WHAT THE EXERCISE ASKS —
The listing below should be reproduced precisely, except for its images.

MATERIAL PROVIDED —

------------------------

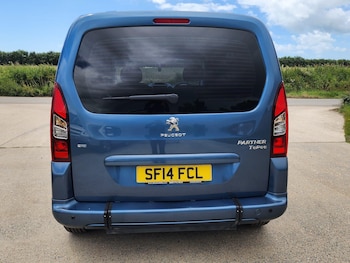 Used Peugeot Partner Tepee 2014 for sale - 78946077: Photo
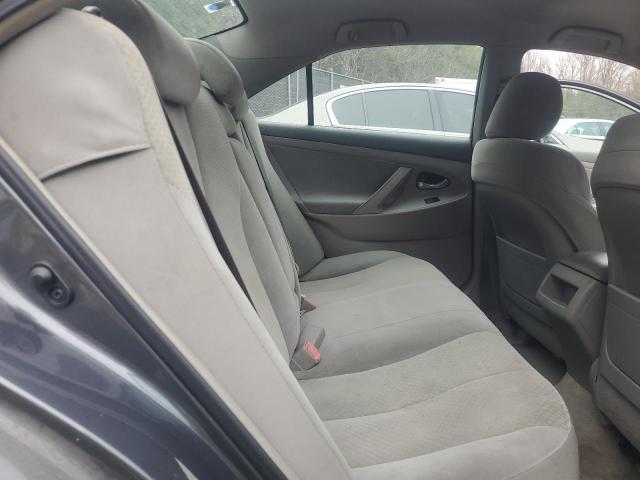 4T1BE46K69U289901 - 2009 TOYOTA CAMRY BASE ნაცრისფერი ფოტო 10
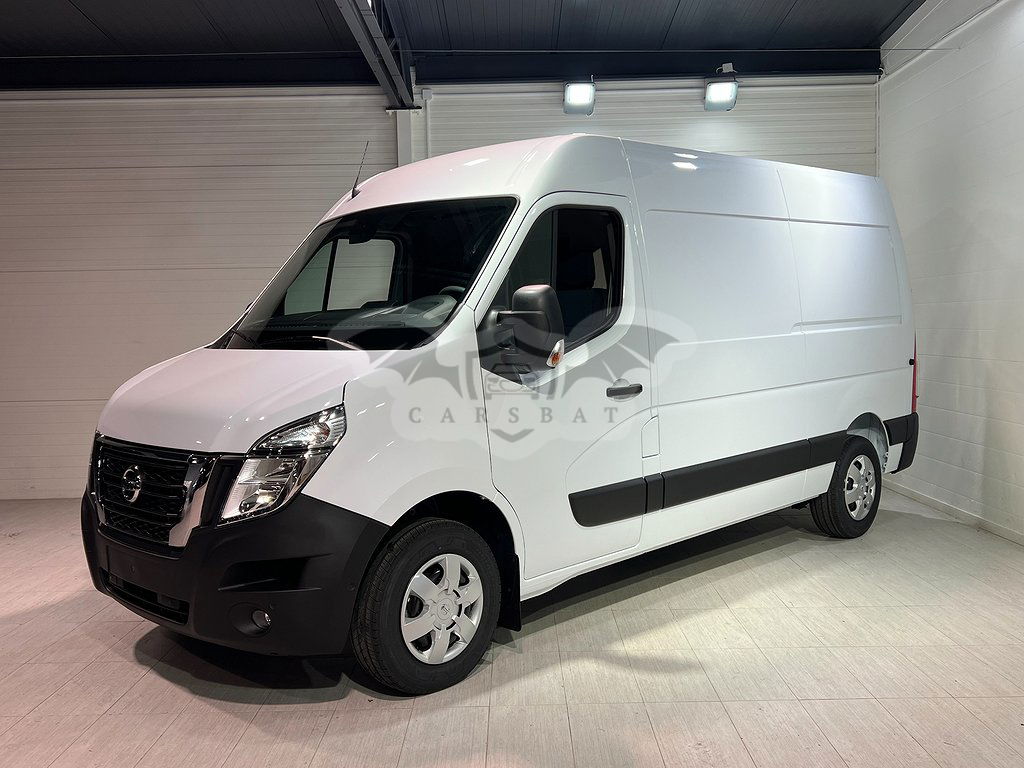 Nissan Interstar 2023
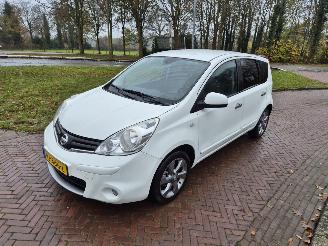 Schadeauto Nissan Note 1.4 Life 2010/9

------------------------

OUTPUT FOR THIS EXERCISE —
 Used Peugeot Partner Tepee 2014 for sale - 78946077: Photo
 4T1BE46K69U289901 - 2009 TOYOTA CAMRY BASE ნაცრისფერი ფოტო 10
 Nissan Interstar 2023
 Schadeauto Nissan Note 1.4 Life 2010/9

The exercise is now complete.